March 2007 SITE MAP   SEARCH

Prison Break: The Complete First Season
cast: Wentworth Miller, Dominic Purcell, Robin Tunney, Stacy Keach, and Wade Williams

creator: Paul Scheuring

710 minutes (15) 2005 widescreen ratio 1.78:1
20th Century Fox DVD Region 2 retail

RATING: 8/10
reviewed by Alasdair Stuart
The last three years have seen American TV fall back in love with the serial. The colossal success of 24 and Lost proved conclusively that audiences had a hunger for stories that weren't neatly wrapped up within one episode, and had consequences that were felt many episodes later. Whilst Lost in particular has been justifiably criticised for taking this process to extremes (to the extent that upcoming episodes will, allegedly, address the fact that three years have passed off the island and barely three months on island) this format remains massively popular, with post-apocalyptic series Jericho adopting the same format.

Prison Break, however, has been the most unexpected success of all the extended serials. Originally commissioned to sit between seasons of 24 as a single serial, it has now proved successful enough to spawn a second season and serious planning for a third.
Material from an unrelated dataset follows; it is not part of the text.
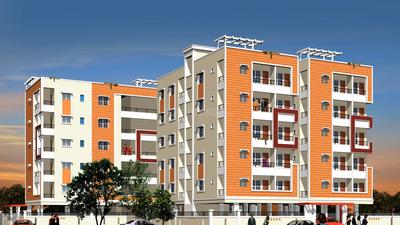 Residential Plot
All the more impressive when you take into account the relative unknowns in the cast and the increasingly complex plot.

The series follows Michael Schofield (Wentworth Miller) who, the first time we see him, is getting the finishing touches put on a full body tattoo. It's an unusual choice, especially as Schofield seems to be a well-educated, almost urbane young man. The fact that he then walks into a bank, holds it up and surrenders without firing a shot is even odder. Michael defends himself in court, pleads guilty and is sent to Fox Creek Correctional Facility, run by warden Henry Pope (Stacy Keach). Pope, noting that Michael is a structural engineer, offers him leniency in his daily routine if he helps Pope build an anniversary present for his wife, an offer Michael reluctantly accepts.

At the same time, he's forced to enter into alliances with several other inmates. Mafia don Abruzzi (Peter Stormare), fixer C-Note (Rockmond Dunbar), veteran prisoner Westmoreland (Muse Watson) and Michael's cellmate Sucre (Amaury Nolasco) are all vital to his goals, and all come to realise exactly how far ahead Michael has planned his escape. They also come to realise that Michael has done all this for his brother, Lincoln Burrows (Dominic Purcell), in the maximum-security wing of Fox Creek and facing the death penalty for the murder of the Vice President's brother.

What none of them realise is what Michael has gone through to get inside Fox Creek and how he plans to get out. His tattoo contains dozens of coded pieces of information relating to his escape, acquired through Michael's old job. His firm helped renovate Fox Creek and now, as he puts it, he literally has the plans of the prison "on him."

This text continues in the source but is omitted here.